Just recently a friend of mine started writing. New to the life of a writer and completely oblivious to the 'symptoms' of becoming a writer, all week I've been recieving questions asking, 'Is this normal?'
So, I decided to blog about it, for you you beginners out there and for a giggle with those who understand.
And here's the list:
- Insomia:
You've spent the last six hours writing, your head is full of plotlines, characters and you're on a 'writing high'. Your eyes start to droope, the facial twitches set in, perhaps is time to go to bed?
You jump in, your electric blanket is on, you shut your eyes... And all you can think about is Conflict, Dialogue, what should I do next, Oh! that's a good idea.
You're up til 3am.
Which leads me to my next symtom...
- Caffine Addiction:
Not a big coffee drinker?
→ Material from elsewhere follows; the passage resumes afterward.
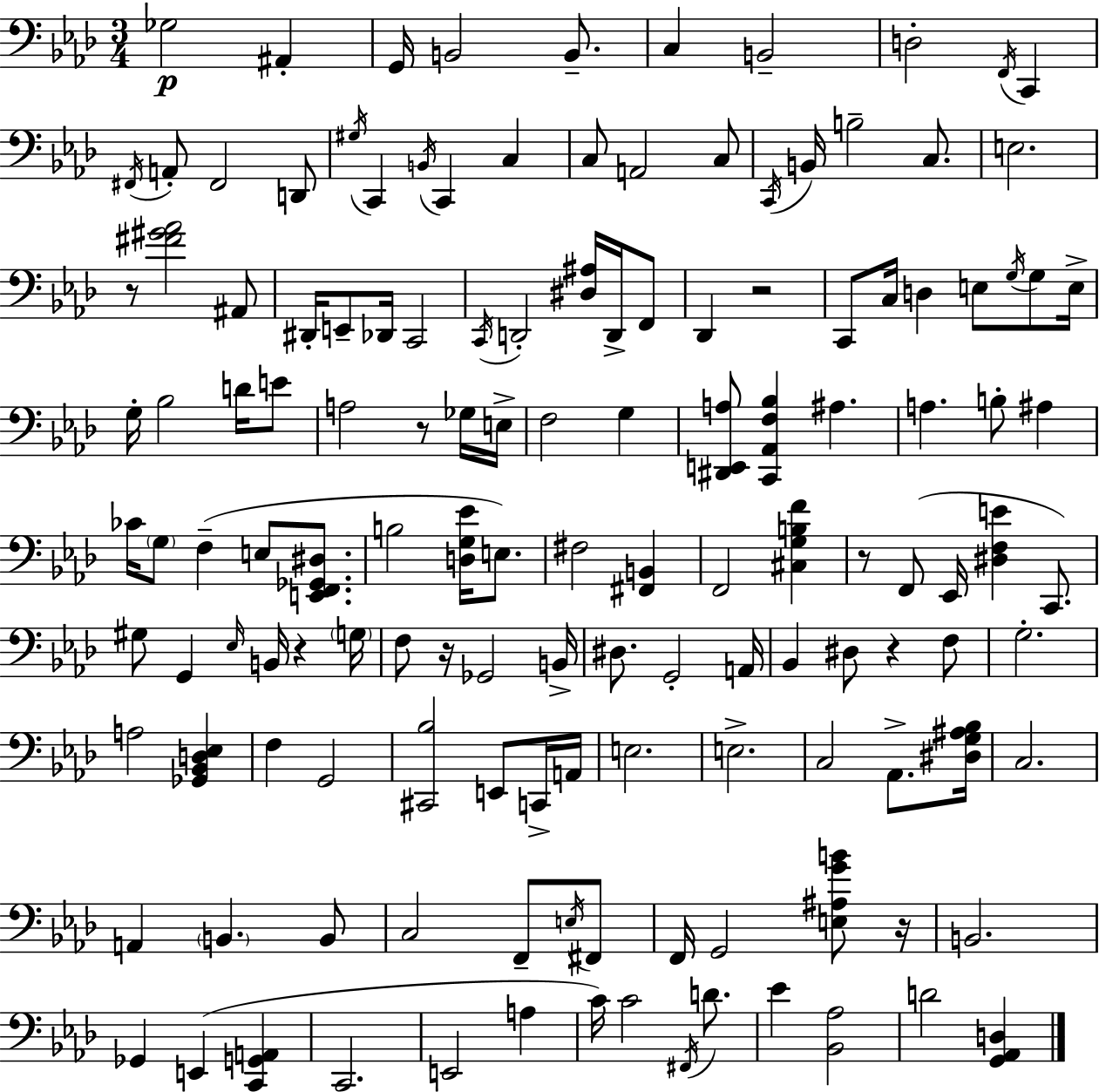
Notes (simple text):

Give it a few days and you'll soon be calling it your bestfriend. Coffee is 'Writer's fluid'. No coffee, no brain function.
- A Mild Case of Antisocial Personality Disorder:
Yep. You going to become an utter b*#&@.
Shoosh! I'm writing. I don't care about where the dog peed. Will you please leave me alone!
Sound familar?
- The Early Bird Gets The Worm...
Now, many writer's find that their muse is most active in the morning. What? Not a morning person? Well... you're about to join the early birds.
-
I Hear Voices...
My characters are the kind that take shape in my mind. I can see them
and I can hear them.
Yep, I sound like a crazy person. But guess what?
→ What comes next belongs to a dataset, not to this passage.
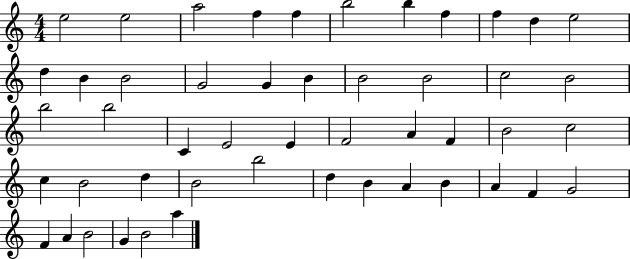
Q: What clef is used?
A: treble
- A love for chocolate and Alcohol:
There's nothing like chocolate to ease the stink of that critique or rejection. And there's nothing like a glass of champagne or a JD to celebrate your first contract! So there you have it. Two more wonderful addictions that in excess, are bad for you.
- Paranoia
They're my friends, of course they are going to tell me this rubbish is amazing! Did it save? Did I send it properly? Why haven't they replied?
Consider yourself a cool cat? We shall see...
- Writer's Block
I know. You hate it already. You are on your first day off in two weeks, your computer is before you, you're ready to go... And it hits you. Yep, good old writer's block.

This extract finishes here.